The JSE-listed company on Friday reported that its overall annualised trading density had grown by 3.3% at the end of June this year, which continued December 2018’s growth of 2.9% and June 2018’s growth of 2.8% over the same asset pool.

L2D said trading densities across most centres had shown considerable improvement, with Sandton City having grown its annualised trading density by 7.9% to R57 563/m2 and ending up 53% higher than the Clur benchmark, which was R37 628/m2.

Nelson Mandela Square (NMS) showed a substantial turnaround with 6.5% annualised trading density growth in June, compared with a contraction of 1.3% in December 2018 and a contraction of 4.7% in June 2018.

NMS had an annualised trading density of R57 770/m2 in June, which is 65.1% higher than the Clur benchmark of R34 984/m2.

Eastgate shopping centre is compared to the super regional benchmark excluding Sandton City to remove the impact of significantly higher trading density of Sandton City, which skews the benchmark. When Sandton City is excluded from the super regional benchmark, Eastgate’s annualised trading density of R36 587/m2 is 7.7% higher than the adjusted benchmark for the annual trading density of the super-regionals of R33 983/m2.
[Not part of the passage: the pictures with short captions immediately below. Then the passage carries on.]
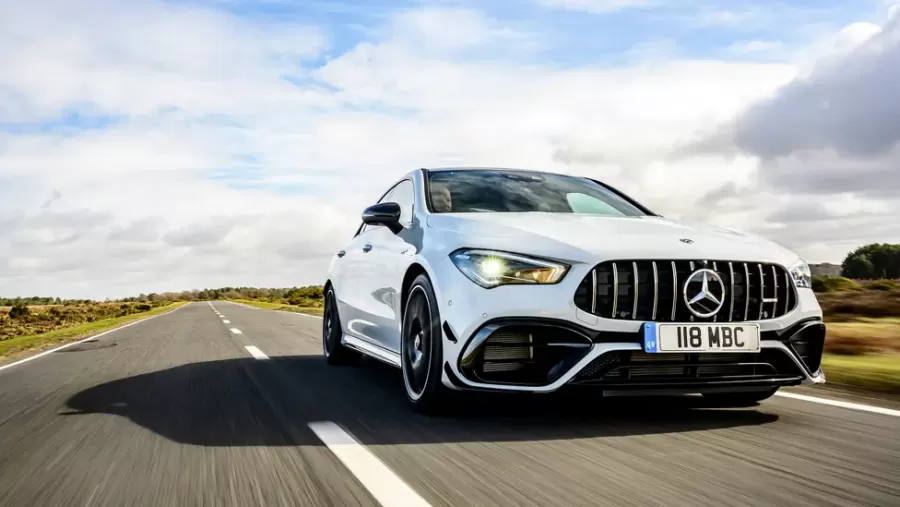 Mức tiêu hao nhiên liệu mercedes cla 45 amg 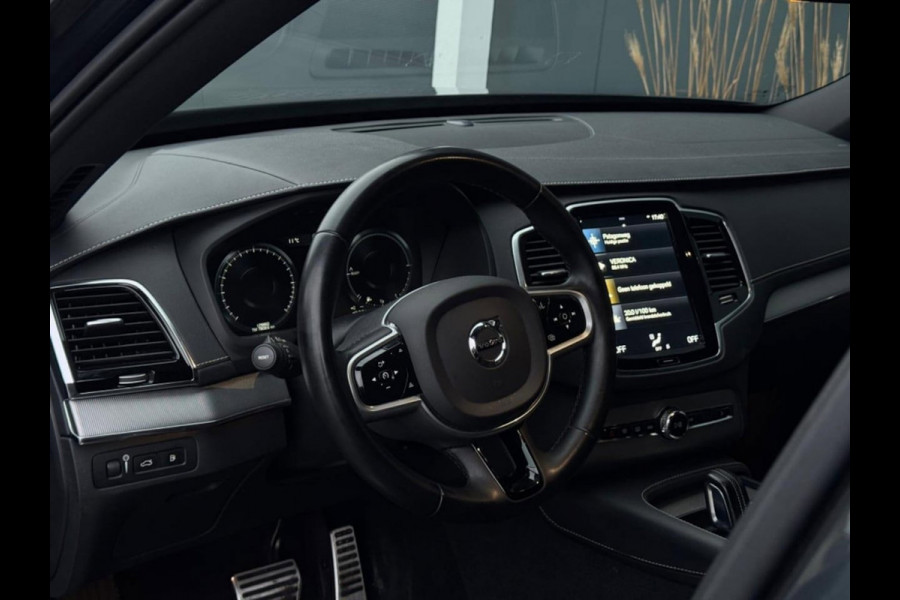 Volvo XC90 2.0 T8 Recharge AWD R-Design | Memory | Dodehoek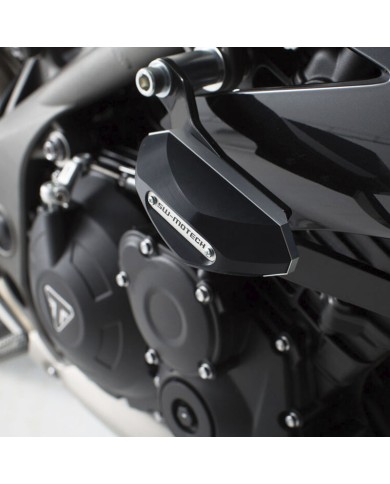 KIT DE TOPES ANTICAIDA SW-MOTECH TRIUMPH STP.11.590.10300/B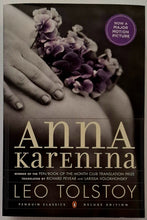 Load image into Gallery viewer, ANNA KARENINA - Leo Tolstoy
“Continuous enhancements to our retail and office environments are core to our ability to attract and retain tenants, as well as draw consumers to our retail centres. This is evident in that we have spent, on average, 2.2% of the value of the portfolio on maintenance capital expenditure between 2014 to 2018,” said L2D.

The company’s overall portfolio vacancy rate of 4.6% was largely attributable to the office sector.
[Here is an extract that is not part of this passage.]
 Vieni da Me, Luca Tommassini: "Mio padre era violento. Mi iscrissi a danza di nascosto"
The retail vacancy as at July this year was 2.3%, compared with a 2.4% vacancy rate reported in June.

L2D noted that its retail centres continued to attract a range of new tenants, including Mango, Daniel Wellington, African Bank, Hydraulics AvantGarde, Out of Africa, Watch Avenue, Moreschi Shoes, Gadget Candy Fabiani and Sneaker Factory.

Sandton City will soon unveil new line stores such as My Cotton Tree, together with a baby care facility called the Baby Care Lounge, which has breastfeeding booths, food warming facilities, nappy change stations and a kids play area.

“The resilience of the L2D portfolio is evident in the annualised trading density and turnover growth generated, which continued to gain momentum evidenced by comparing June 2018 to June 2019.

“While the portfolio’s vacancy rates have remained in line with that of May, leasing strategies and engagements with prospective tenants are well under way which has resulted in the reduction in the vacancy rate including pre-lets.

“L2D has continued to deliver on the five building blocks initiated at the beginning of the year. Several initiatives have successfully been implemented with further strategies in the pipeline to ensure L2D is ready for the ever-changing retail environment,” the company stated.